With the bundler target, __wbg_init() is called automatically by the bundler.

Vite / Rollup Setup

Vite supports WASM out of the box with the web target. Place the built pkg/ directory in your project and import directly:

import __wbg_init, { TokenizerBuilder, loadDictionaryFromBytes } from './pkg/lindera_wasm.js';
import { loadDictionaryFiles } from './pkg/opfs.js';

await __wbg_init();
// Load dictionary from OPFS and use TokenizerBuilder as shown above

For the bundler target with Vite, you may need the vite-plugin-wasm plugin:

// vite.config.js
import wasm from 'vite-plugin-wasm';

export default {
    plugins: [wasm()],
};

Chrome Extension Considerations

Chrome extensions using Manifest V3 restrict WebAssembly.compile and WebAssembly.instantiate by default.
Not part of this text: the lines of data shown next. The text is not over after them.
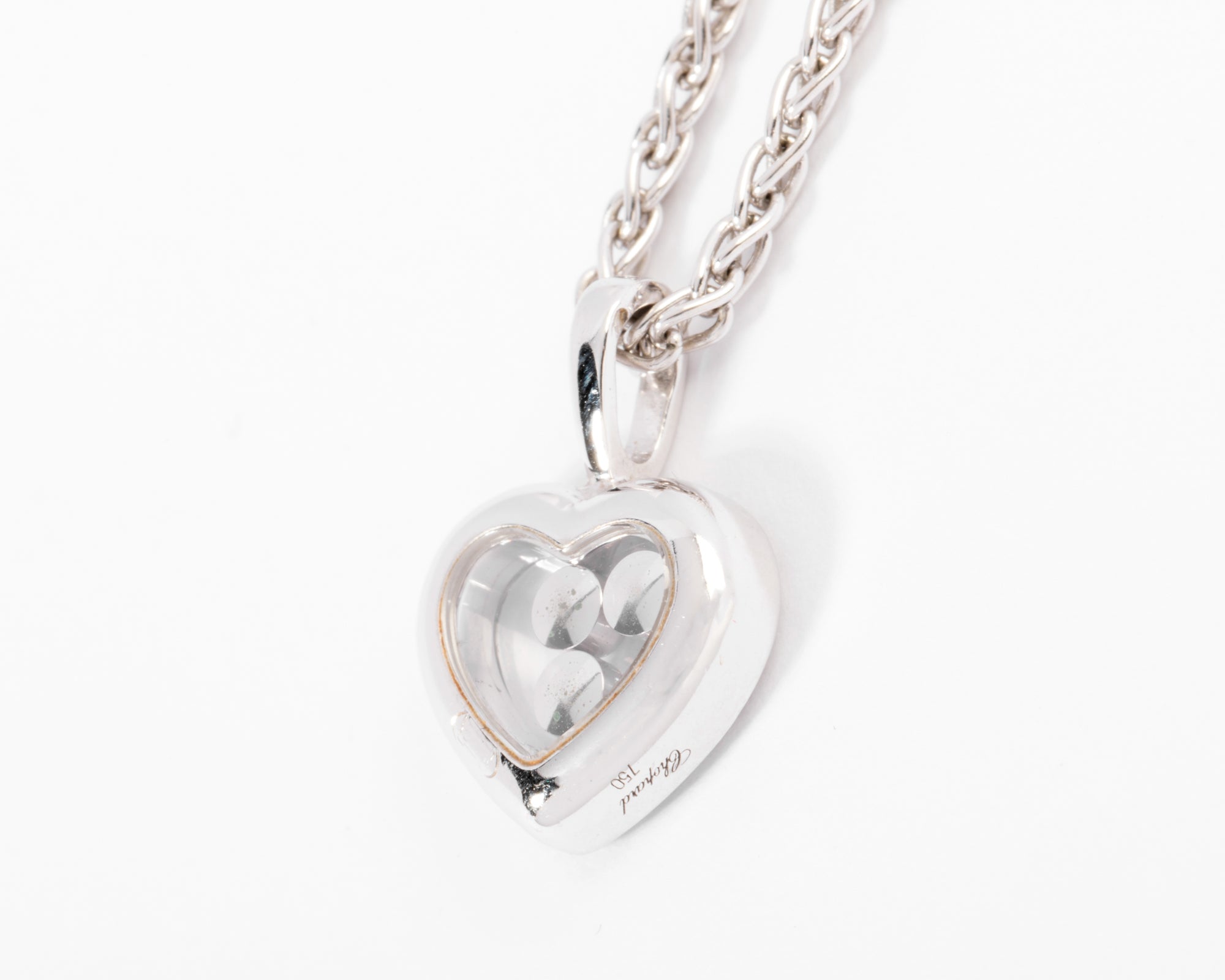 Un pendentif or gris signé de la maison Chopard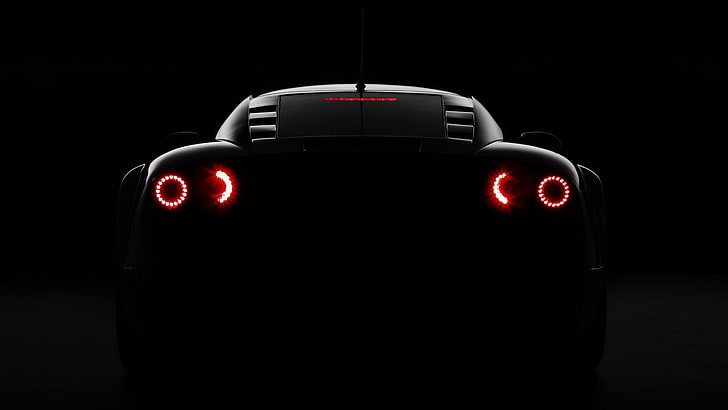 black sports car taillight, illuminated, red, studio shot, black background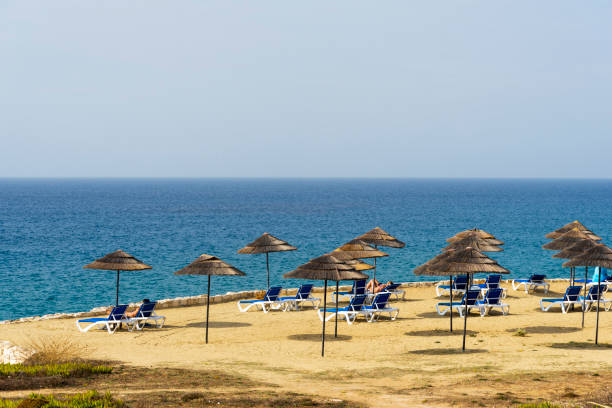 istock Beach sunbeds and parasols overlooking turquoise water 1220360163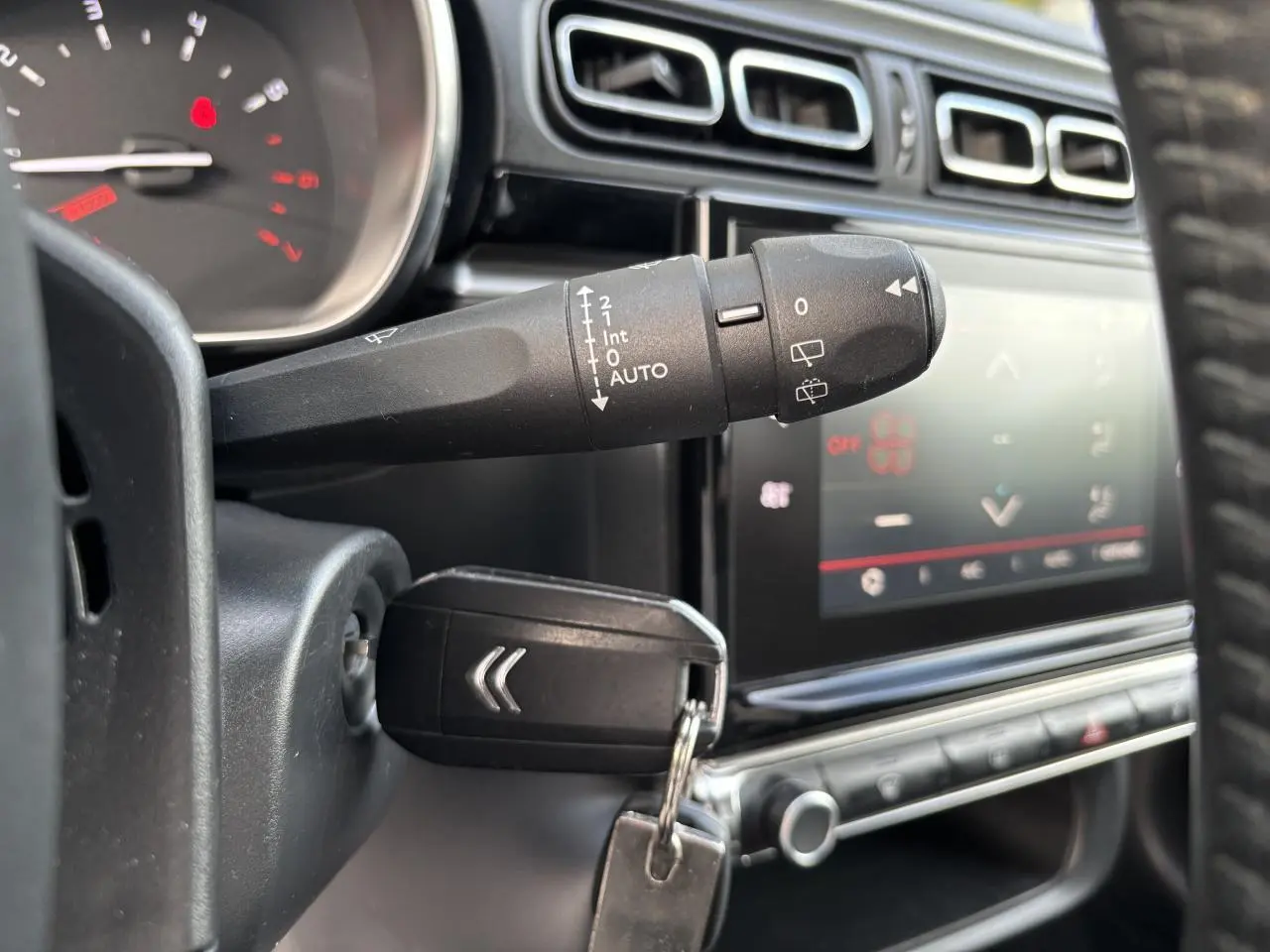 Gros plan sur la commande d'essuie-glace et clé insérée dans le contacteur d'une Citroën C3 2019, intérieur noir.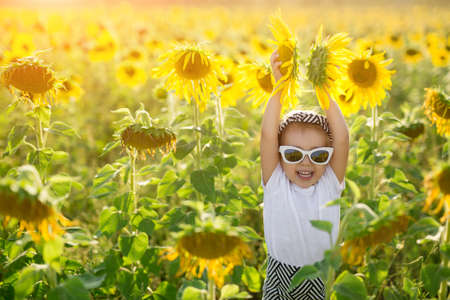 A little girl in sunglasses laughs while holding two flowers in a huge field of sunflowers at sunset.の写真素材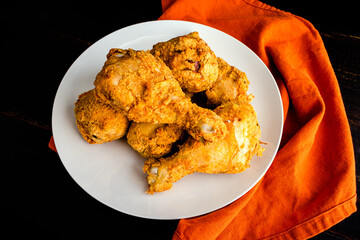 Air Fryer Southern Fried Chicken Chicken Drumsticks: Overhead view of a plate of breaded and air fried chicken legs
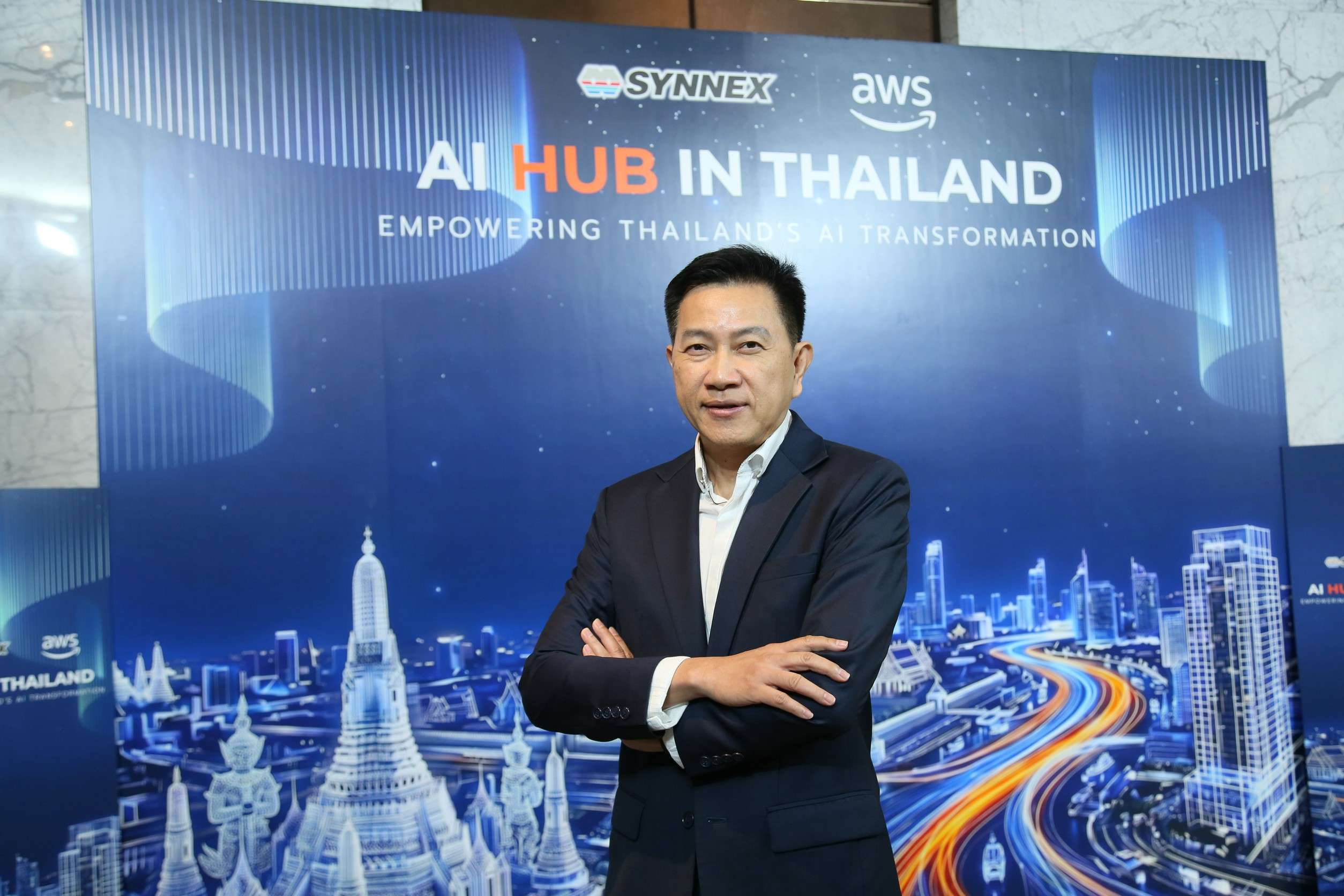 ภาพคุณวัตสัน ถิรภัทรพงศ์ Country Manager ของบริษัท อะเมซอน เว็บ เซอร์วิสเซส (ประเทศไทย) จำกัด (AWS) สวมชุดสูทสีกรมท่า ยืนกอดอกด้วยความมั่นใจ ถ่ายภาพบริเวณหน้าแบคดรอปงานเปิดตัว AI HUB IN THAILAND ภายใต้ความร่วมมือของ SYNNEX และ AWS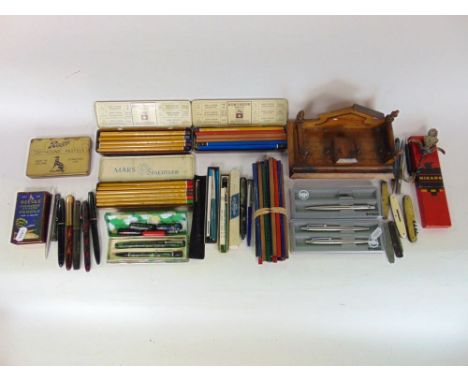 Collection of vintage pens and pencils to include Parker and others, together with a walnut standish, etc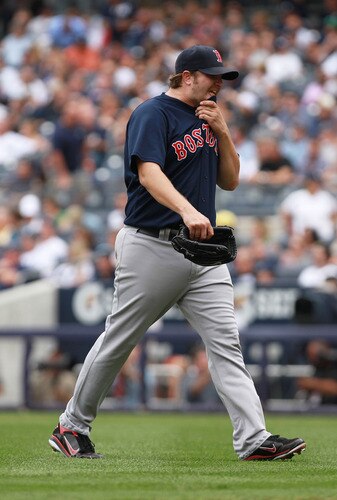 NEW YORK, NY - SEPTEMBER 25:  Matt Albers #32 of the Boston Red Sox walks to the dugout after being pulled from the game in the sixth inning against the New York Yankees on September 25, 2011 at Yankee Stadium in the Bronx borough of New York City.  <br /><br /><span class="help">(Photo by Nick Laham/Getty Images)</span>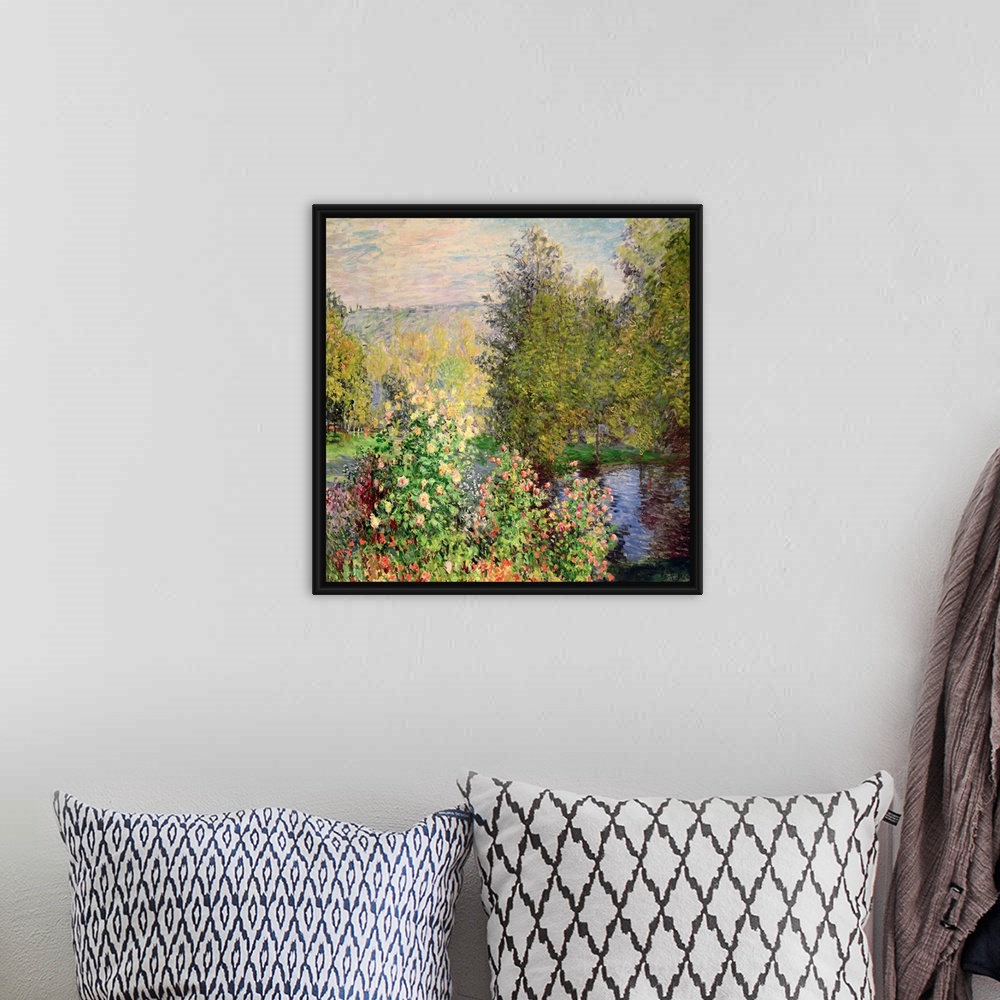 A bohemian room featuring Oil on canvas of a luscious garden with flowers by a river.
To use lindera-wasm in an extension, you need to add wasm-unsafe-eval to your Content Security Policy:

{
    "content_security_policy": {
        "extension_pages": "script-src 'self' 'wasm-unsafe-eval'; object-src 'self'"
    }
}

Note that wasm-unsafe-eval only allows WebAssembly execution and does not permit arbitrary JavaScript eval().

Performance Tips

  • Initialize once: Call __wbg_init() once at application startup, not on every tokenization request.
  • Reuse the tokenizer: Create the Tokenizer instance once and reuse it for multiple calls to tokenize().
  • Web Workers: For heavy tokenization workloads, consider running Lindera in a Web Worker to avoid blocking the main thread.